His comments come at a time when demand for business park space remains strong since in many case they are the only buildings big enough to accommodate footloose occupiers with lots of staff.
Mr Potter says: "Planning authorities have naturally put an emphasis on restricting the development of greenfield sites and reducing car parking ratios to tackle the environmental and congestion-related concerns that many UK cities suffer from.
"At the same time, the rise of business parks since the mid-80s has attracted enormous levels of inward investment since they offer a universal format and significant new employment opportunities.
"In order to ensure that the future of business parks remains bright, and in line with the expectations of local authorities, developers are increasingly looking for more sustainable sites, reflecting a change in the nature of business park locations and style.
"Instead of looking at sites where the provision of high levels of car parking is a priority, developers are searching for sites that benefit from good quality public transport links, often on the fringe of towns and cities, forming a seamless extension of urban areas.
"Environmental concerns are key, with a new focus on reduced power requirements for air-conditioning systems and a preference for naturally ventilated cooling solutions.
"Attention must be paid to designing more productive workspace plans and providing quality lifestyle amenities for staff including health and leisure facilities as well as shared conferencing, lecturing and research space."
GVA Grimley publishes its National Business Parks Review twice a year, analysing the performance of the UK's 300 largest business parks.
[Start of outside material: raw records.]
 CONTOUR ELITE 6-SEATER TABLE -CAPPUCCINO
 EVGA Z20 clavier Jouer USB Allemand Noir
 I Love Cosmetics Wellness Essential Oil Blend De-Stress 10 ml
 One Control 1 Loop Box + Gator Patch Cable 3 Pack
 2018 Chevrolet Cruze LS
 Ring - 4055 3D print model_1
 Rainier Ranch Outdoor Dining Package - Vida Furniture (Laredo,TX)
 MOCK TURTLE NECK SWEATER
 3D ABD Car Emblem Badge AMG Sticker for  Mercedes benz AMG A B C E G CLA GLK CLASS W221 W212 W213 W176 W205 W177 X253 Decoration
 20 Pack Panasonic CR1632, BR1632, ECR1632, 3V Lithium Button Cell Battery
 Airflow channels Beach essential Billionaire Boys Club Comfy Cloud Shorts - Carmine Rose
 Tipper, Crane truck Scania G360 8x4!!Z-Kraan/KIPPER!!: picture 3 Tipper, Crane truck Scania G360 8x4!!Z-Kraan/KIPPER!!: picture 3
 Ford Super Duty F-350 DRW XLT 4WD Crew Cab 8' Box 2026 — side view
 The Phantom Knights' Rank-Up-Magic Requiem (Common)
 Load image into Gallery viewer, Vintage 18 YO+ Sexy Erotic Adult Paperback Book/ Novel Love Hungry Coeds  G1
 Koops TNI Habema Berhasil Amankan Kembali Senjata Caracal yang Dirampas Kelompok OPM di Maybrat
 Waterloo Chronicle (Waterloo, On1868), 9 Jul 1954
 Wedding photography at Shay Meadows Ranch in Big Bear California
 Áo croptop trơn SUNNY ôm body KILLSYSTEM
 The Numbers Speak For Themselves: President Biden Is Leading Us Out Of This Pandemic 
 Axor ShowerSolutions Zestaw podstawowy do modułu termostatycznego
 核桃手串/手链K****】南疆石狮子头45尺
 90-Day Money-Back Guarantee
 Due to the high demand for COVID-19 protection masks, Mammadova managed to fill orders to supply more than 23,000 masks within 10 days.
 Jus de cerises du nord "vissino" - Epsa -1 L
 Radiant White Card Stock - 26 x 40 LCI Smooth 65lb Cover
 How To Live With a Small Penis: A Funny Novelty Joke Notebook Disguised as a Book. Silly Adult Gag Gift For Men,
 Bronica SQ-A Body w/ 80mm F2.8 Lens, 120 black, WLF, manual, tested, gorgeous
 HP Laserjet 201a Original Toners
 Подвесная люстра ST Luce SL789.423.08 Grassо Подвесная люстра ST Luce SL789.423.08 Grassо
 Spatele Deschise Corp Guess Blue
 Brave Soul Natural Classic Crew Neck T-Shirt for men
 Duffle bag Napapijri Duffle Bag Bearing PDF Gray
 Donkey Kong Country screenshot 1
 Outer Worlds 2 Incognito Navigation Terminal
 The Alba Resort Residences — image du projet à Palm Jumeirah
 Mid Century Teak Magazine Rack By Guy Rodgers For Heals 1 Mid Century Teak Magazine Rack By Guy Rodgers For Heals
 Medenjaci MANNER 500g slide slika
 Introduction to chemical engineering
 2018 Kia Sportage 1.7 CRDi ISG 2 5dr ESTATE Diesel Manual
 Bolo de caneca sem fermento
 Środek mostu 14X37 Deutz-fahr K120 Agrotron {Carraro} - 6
Mr Potter says: "The latest business parks review for spring 2003 highlights the sustained increase in take-up on UK parks over the last six months.
"Though the technology sector has suffered, others such as the public sector are performing well and take-up of space over the final half of last year increased by 13 per cent across the UK.
"The Midlands region in particular has seen a number of significant transactions of more than 108,000 sq ft including National Grid Transco's acquisition of 204,000 sq ft at Warwick Technology Park.
"It is clear that organisations still look to business parks to satisfy requirements for sizeable transactions, designed to accommodate tenants with high employee levels.
"Ultimately, the adaptable nature of business parks has meant that responding to changes in demand, and environmental concerns, has been swift and effective.
"The new blueprint for business parks - environmentally efficient parks developed on brownfield sites situated closer to urban areas with good public transport links - is now in place, and is set to secure a very bright future for the sector indeed."